(Caption-style text data)

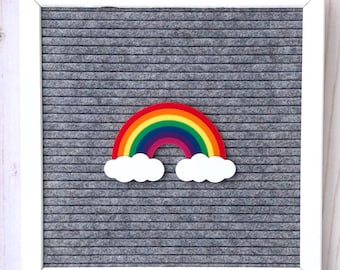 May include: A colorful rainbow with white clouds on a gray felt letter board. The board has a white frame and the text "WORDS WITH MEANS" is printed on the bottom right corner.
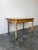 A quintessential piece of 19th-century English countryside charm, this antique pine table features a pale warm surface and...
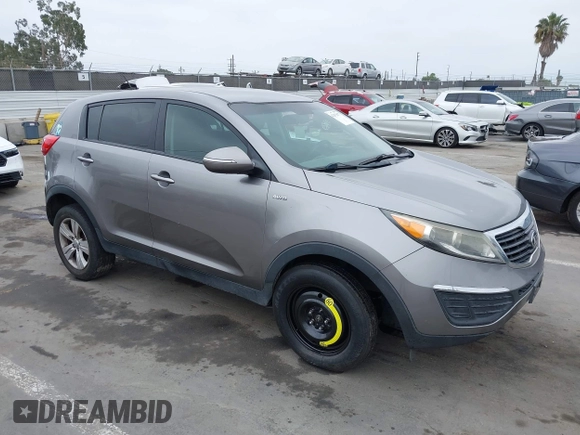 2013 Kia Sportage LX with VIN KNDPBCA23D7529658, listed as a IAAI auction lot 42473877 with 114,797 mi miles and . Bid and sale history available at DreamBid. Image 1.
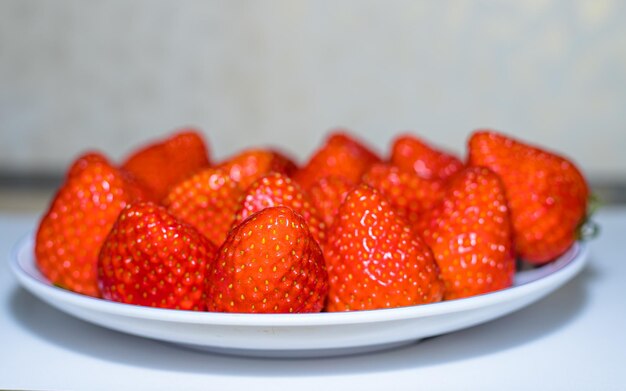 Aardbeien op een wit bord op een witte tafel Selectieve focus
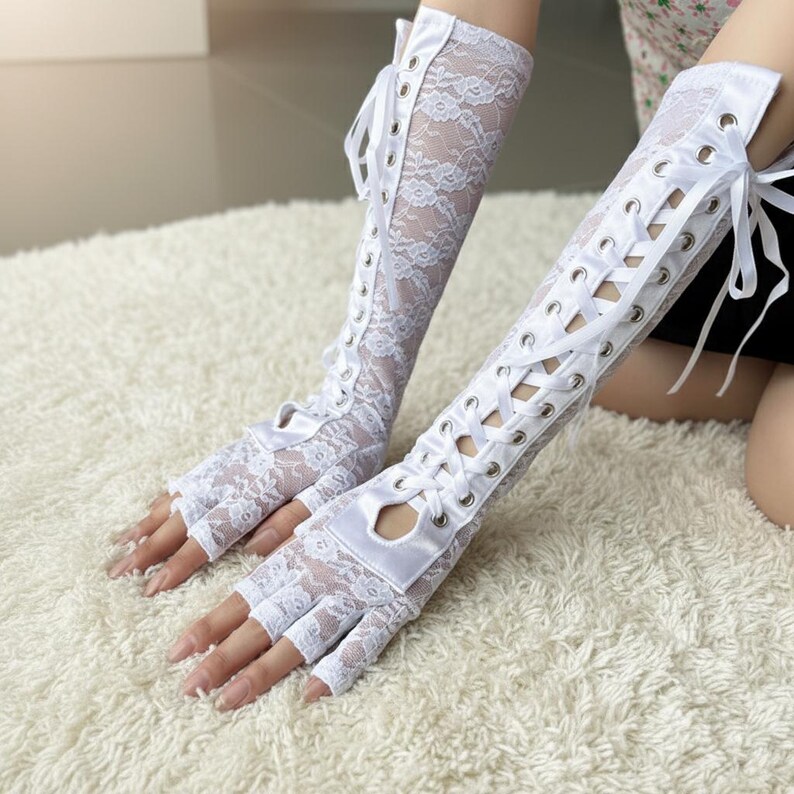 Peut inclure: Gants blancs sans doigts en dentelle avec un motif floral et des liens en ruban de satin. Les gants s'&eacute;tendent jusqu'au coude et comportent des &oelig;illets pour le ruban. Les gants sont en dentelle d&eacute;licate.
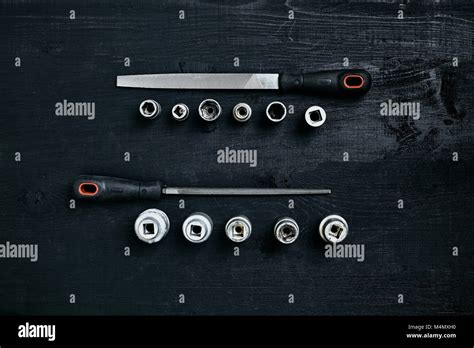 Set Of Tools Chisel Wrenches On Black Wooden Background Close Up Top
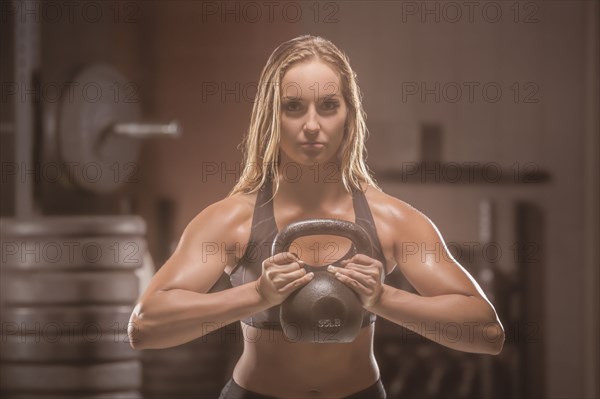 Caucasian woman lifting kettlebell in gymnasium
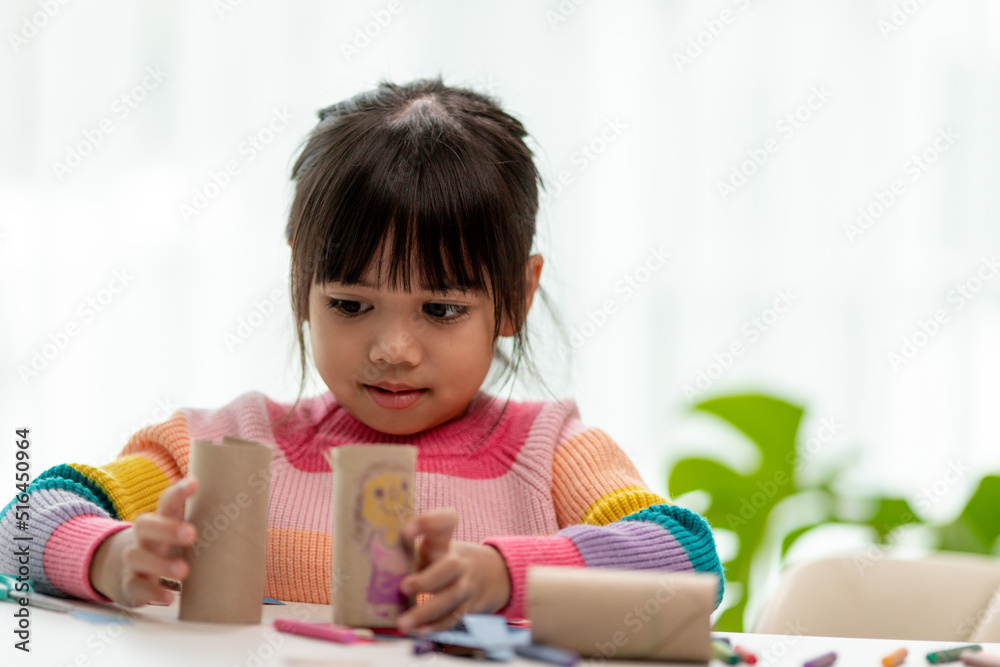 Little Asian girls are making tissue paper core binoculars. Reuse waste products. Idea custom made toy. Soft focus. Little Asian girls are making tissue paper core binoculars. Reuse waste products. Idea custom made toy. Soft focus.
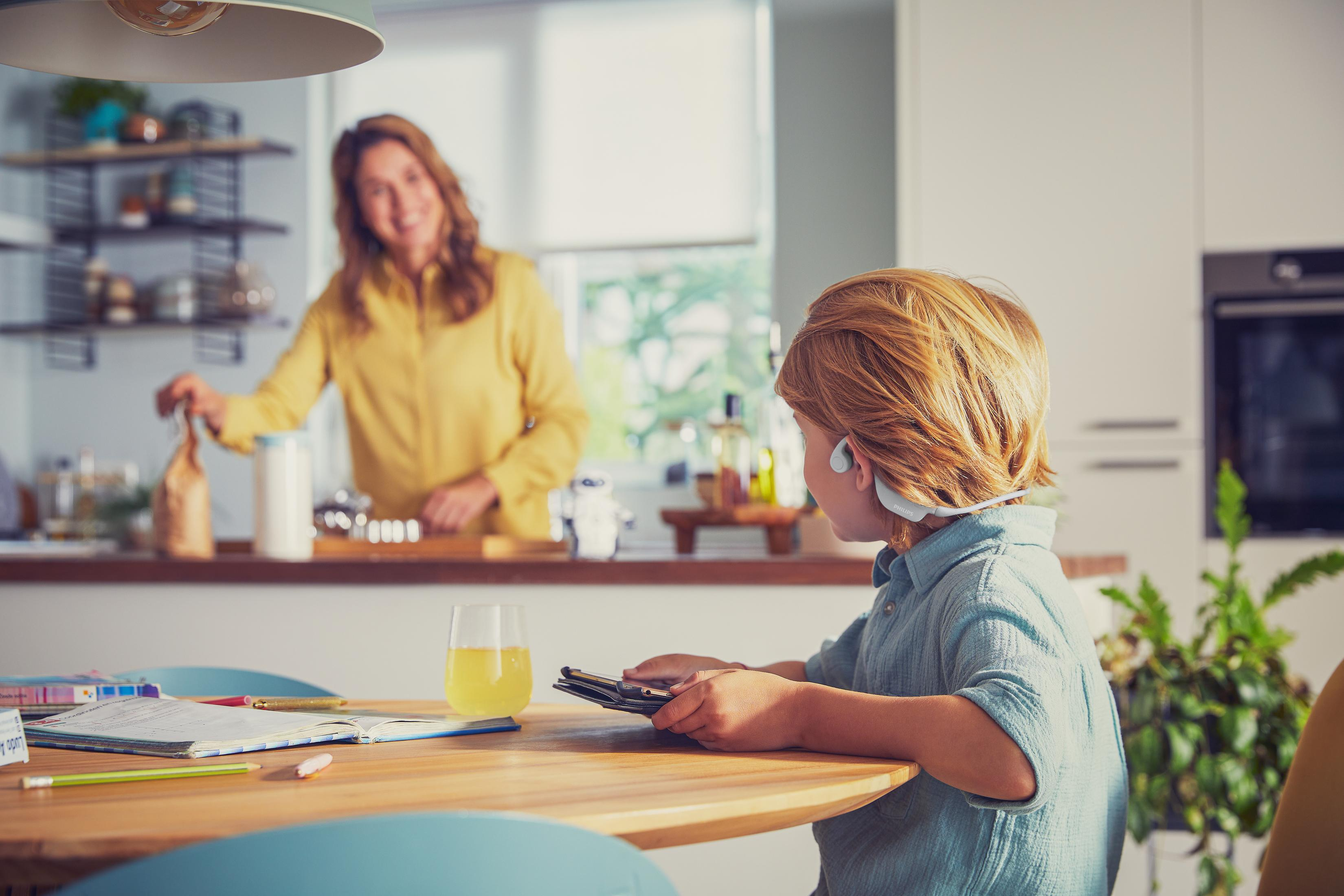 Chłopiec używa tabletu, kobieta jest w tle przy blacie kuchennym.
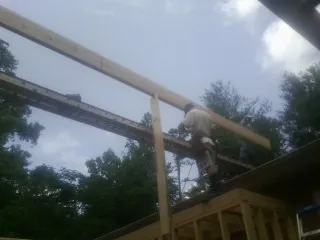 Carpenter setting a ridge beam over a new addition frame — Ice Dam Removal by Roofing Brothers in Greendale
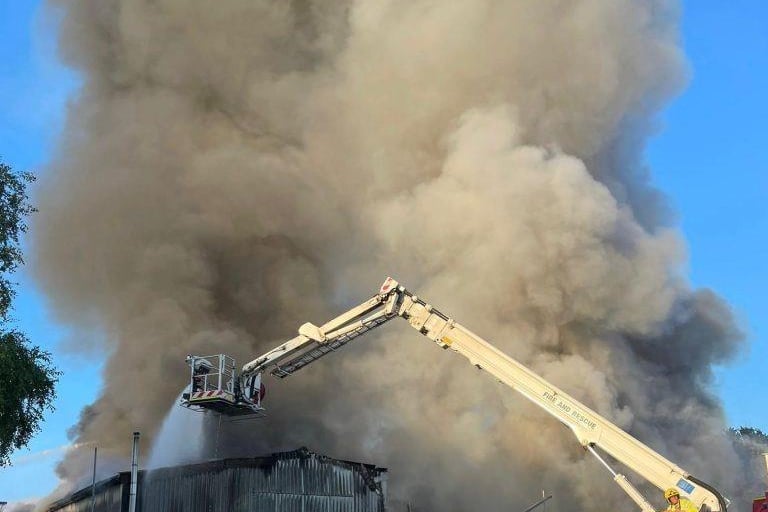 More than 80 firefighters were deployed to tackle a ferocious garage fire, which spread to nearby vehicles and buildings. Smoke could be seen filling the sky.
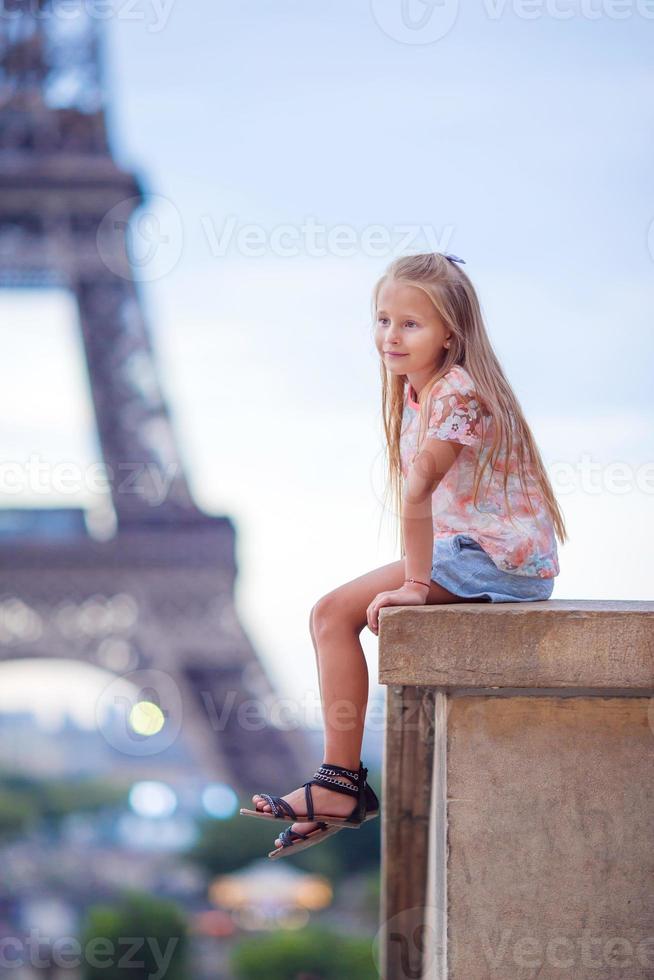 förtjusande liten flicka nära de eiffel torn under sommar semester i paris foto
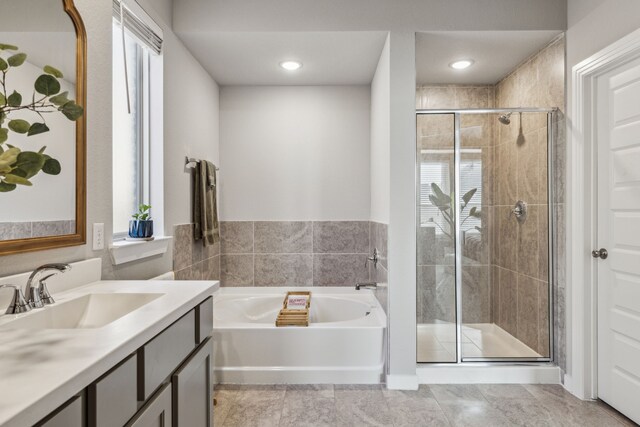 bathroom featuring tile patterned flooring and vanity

YOUR OBJECTIVE: A verbatim reproduction is expected: starting at the line above that has "Caucasian woman lifting", ending at the line that has "More than 80", both included, and with no pictures and no other lines.

PROBLEM SOLUTION:
 Caucasian woman lifting kettlebell in gymnasium
 Little Asian girls are making tissue paper core binoculars. Reuse waste products. Idea custom made toy. Soft focus. Little Asian girls are making tissue paper core binoculars. Reuse waste products. Idea custom made toy. Soft focus.
 Chłopiec używa tabletu, kobieta jest w tle przy blacie kuchennym.
 Carpenter setting a ridge beam over a new addition frame — Ice Dam Removal by Roofing Brothers in Greendale
 More than 80 firefighters were deployed to tackle a ferocious garage fire, which spread to nearby vehicles and buildings. Smoke could be seen filling the sky.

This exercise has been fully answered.